Material provided START

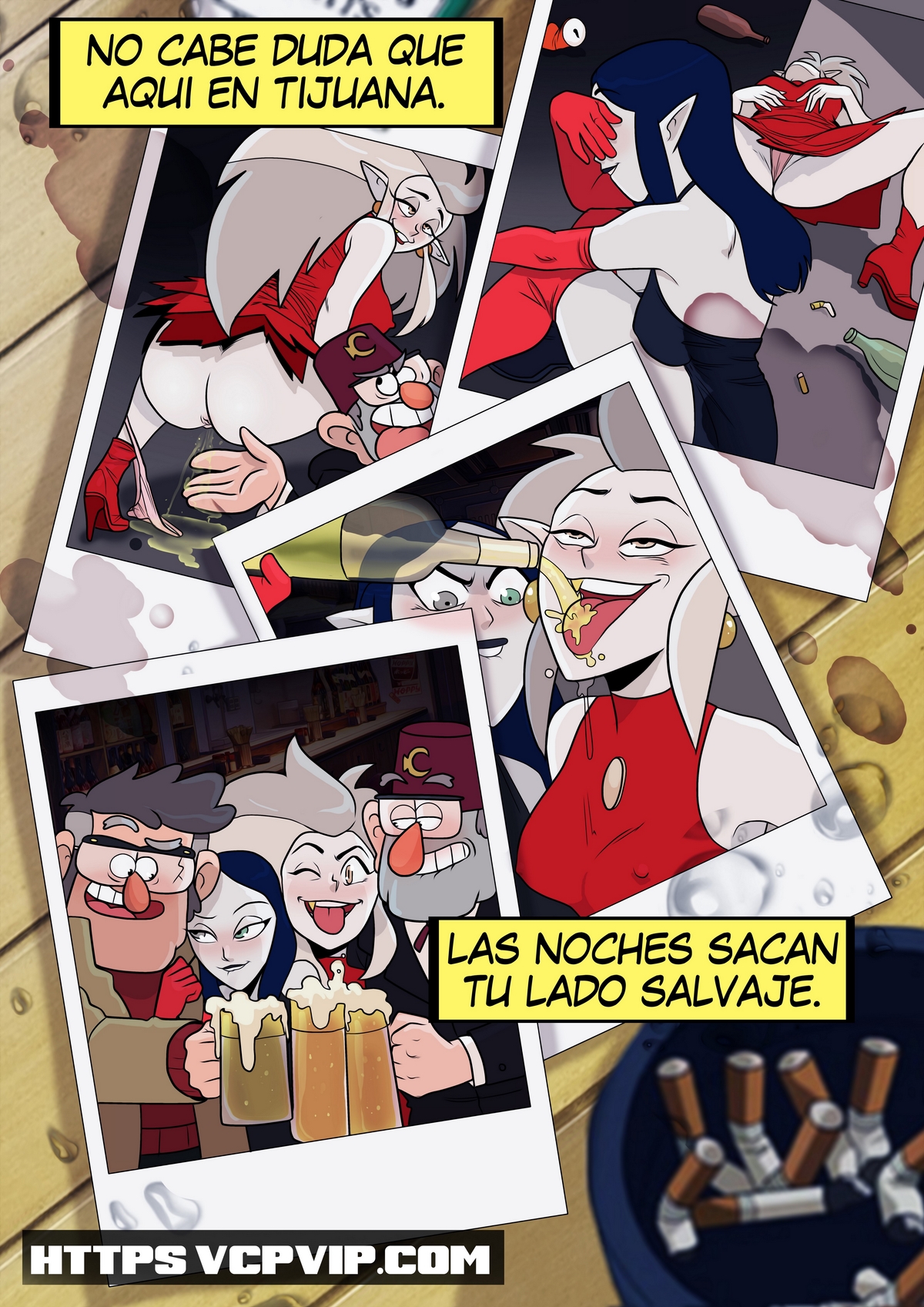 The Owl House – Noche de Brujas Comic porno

Material provided END
Material provided START

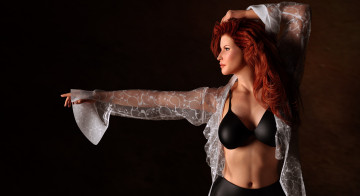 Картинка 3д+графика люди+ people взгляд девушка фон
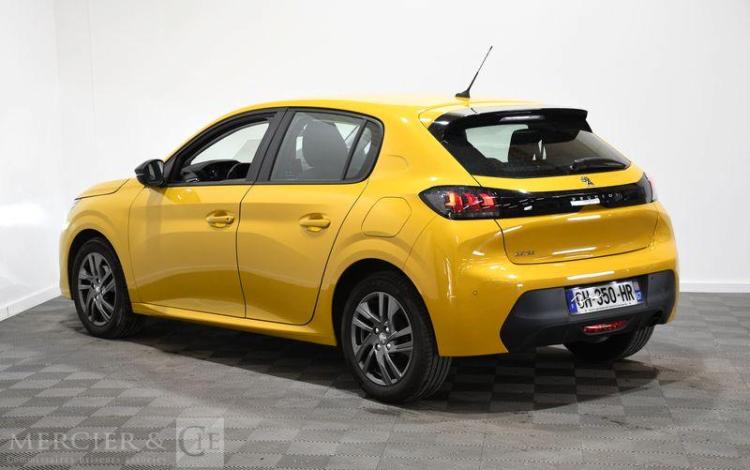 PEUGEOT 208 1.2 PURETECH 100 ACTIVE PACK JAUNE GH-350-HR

Material provided END

▶ _Your instructions_
Find the line with "Картинка 3д+графика люди+" and the line with "PEUGEOT 208 1.2" in the records above. Copy both and all lines between them exactly, without pictures.

▶ _Reply to the exercise_
 Картинка 3д+графика люди+ people взгляд девушка фон
 PEUGEOT 208 1.2 PURETECH 100 ACTIVE PACK JAUNE GH-350-HR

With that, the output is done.